E' certamente passionale il movente del delitto di stamattina a Ribera. Filippo Sciacchitano, 36 anni, commerciante di gas a domicilio di Ribera ha ucciso a coltellate, almeno sei, il suo presunto rivale in amore, Giuseppe Di Leo di 40 anni, originario di Lucca Sicula ma residente a Ribera.
Sciacchitano è stato arrestato con l'accusa di omicidio volontario in flagranza di reato. Davanti ai carabinieri e al sostituto procuratore della Repubblica di Sciacca Salvatore Vella che lo hanno interrogato, l'uomo si è avvalso della facoltà di non rispondere.

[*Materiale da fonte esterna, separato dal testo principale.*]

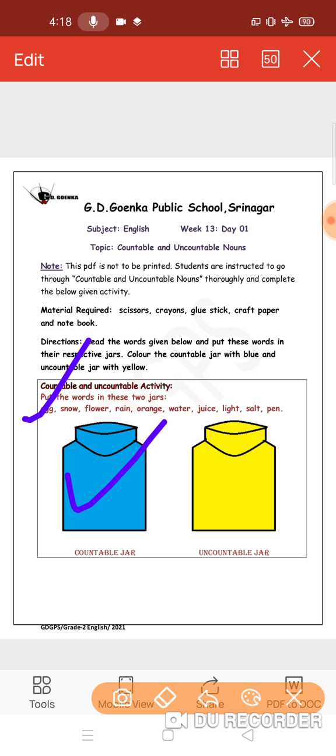Another word. Let's try water. Is it countable or uncountable? Yes, it is uncountable. So it will go in the uncountable jar.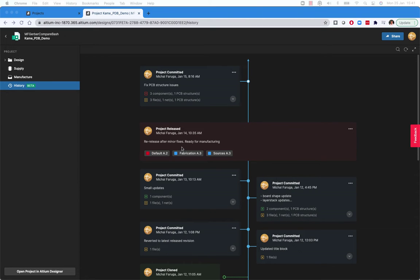I would like to show today Project History, which is a new capability in Altium 365. It gives you access to all of the major events in the project's history — things like commits, releases of the project, clones of the project, ECAT, MCAT, exchanges, and more.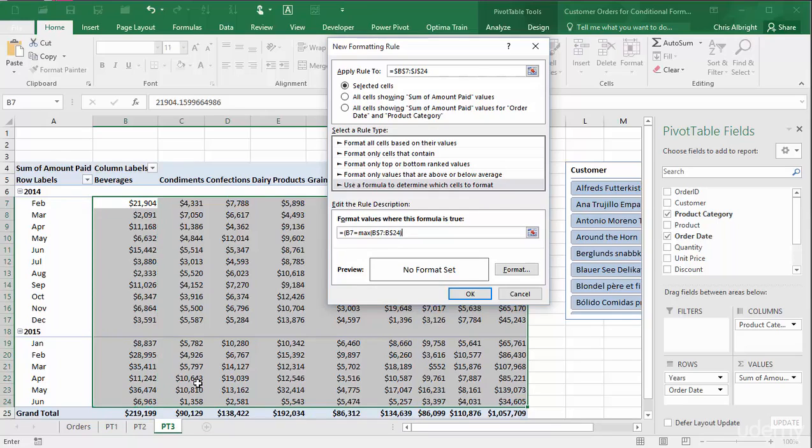It is actually a logical formula that returns true or false. Each cell is either equal to the maximum in its column or it isn't. The formula you see is essentially copied or applied to each cell in the selected range. I want the left cell to be totally relative. But I want the row numbers in the max range to be absolute because these rows won't change.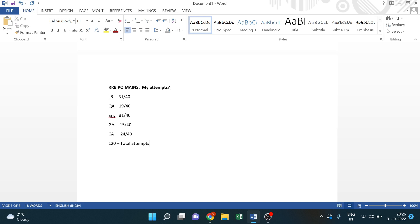Since my accuracy is good, you can tell me what are your attempts in the RRB PO mains, and your state and category. So we have an idea what can happen in final cutoffs.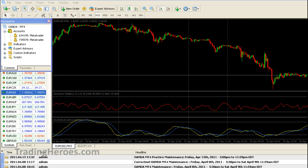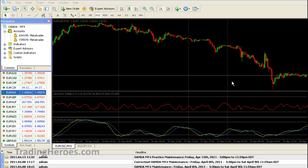Hello everyone, this is Hugh and this is the MetaTrader MT4 tutorial of the day. In this tutorial I'm going to show you how to toggle back and forth between full screen and the regular system screen.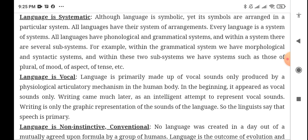Although language is symbolic, its symbols are arranged in a particular system. In a language, symbols — words like nouns, verbs, prepositions, articles — are arranged in order: noun, verb, object. All languages have their own system of arrangements, and every language is a system of systems. All languages have a phonological system — the study of sounds — and a grammatical system.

Ad assistere alla scena del delitto, avvenuto in pieno centro di Ribera, in via Fazello, è stato anche un vigile urbano in servizio nella zona che ha tentato di fermare Filippo Sciacchitano quando però ormai era troppo tardi. Giuseppe Di Leo era già morto steso sull'asfalto.
Secondo la ricstruzione degli investigatori anche per mezzo della testimonianza del vigile urbano, l'omicida ha agito con premeditazione perché era convinto che Di Leo avesse una relazione con la sua ex moglie. Ha così chiesto un incontro chiarificatore all'interno di un bar nella centralissima via Fazello.
La discussione è però presto degenerata e Filippo Sciacchitano ha inferto il primo fendente a Di Leo con un grosso coltello che aveva portato con sé. Di Leo ha tentato di fuggire ma è stato raggiunto ed ancora accoltellato.
L'arma del delitto, secondo le testimonianze era ancora conficcata nel corpo di Di Leo quando carabinieri sono intervenuti sul luogo dl delitto. Sciacchitano non ha tentato la fuga ed è stato catturato subito dai militari dell'Arma. La vittima presentava ferite alla gola ed al petto.
Giuseppe Di Leo era sposato e padre di tre figli, era disoccupato e svolgeva lavori saltuari. Filippo Sciacchitano si trova ora nel carcere di Sciacca a disposizione della magistratura.